A British court has tossed out Tesla's second bid for libel on Top Gear.
Tesla, it seems, can’t catch a break in the media in 2013. First, The New York Times published a less-than-stellar review of the Model S, criticizing the car’s range in cold weather.
Tesla Motors’ CEO, Elon Musk, was quick to respond with data that contradicted The New York Times’ article, but the newspaper didn’t back down.
Now a British appeals court has dismissed Tesla’s second attempt at a libel suit against the BBC, the network behind Top Gear. The dismissal should put an end to the courtroom sparring of Tesla and Top Gear.
In 2008, Top Gear ran a piece that was highly critical of the Tesla Roadster’s range, depicting it as just 55 miles (88 kilometres) under spirited driving, not the 200 miles (322 kilometres) claimed by Tesla. Tesla’s original lawsuit against the BBC and Top Gear, filed in March of 2011, alleged libel and malicious falsehood.

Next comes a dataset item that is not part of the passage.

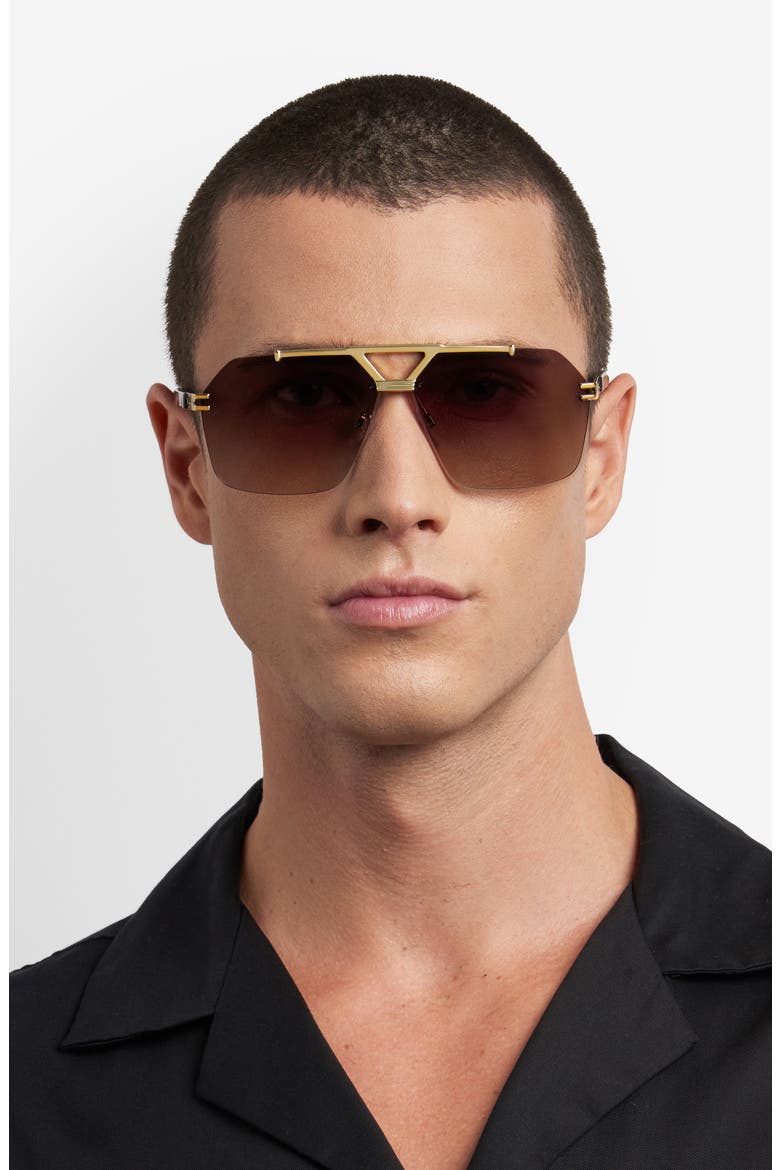 63mm Oversize Gradient Geometric Square Sunglasses, Alternate, color, GOLD HAVANA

Citing five primary points, Tesla claimed that the popular automotive show falsely depicted a Tesla Roadster with depleted batteries, underestimated the car’s range, dramatized overheating that did not occur, cited brake failure that did not occur and claimed that problems affected two cars supplied by Tesla for the segment.
As a direct result of the Top Gear segment, Tesla alleges it lost out on $171,000 in Roadster sales. A British high court disagreed, ruling in late 2011 that, “no reasonable person could understand that the performance on the track is capable of a direct comparison with a public road.”
In other words, British viewers are intelligent enough to understand that Tesla’s claimed 200 mile range isn’t based on flat-out driving, as one would experience on a test track. Tesla appealed the first court’s decision, but this week a British appeals court upheld the original ruling.
Using similar language to the original verdict, appeals court judge Martin Moore-Bick declared that the Top Gear segment would not have influenced a “reasonable viewer” into believing the Tesla Roadster would deliver less than the claimed 200 miles under normal driving conditions.
Whether based on the Top Gear segment or not, Tesla claims that sales of its Roadster in the U.K. have been lower than expected, especially compared to sales in the U.S. and in Europe. Can Tesla put this behind them and succeed in the U.K with the Model S sedan? We’re sure that Elon Musk is asking that very same question.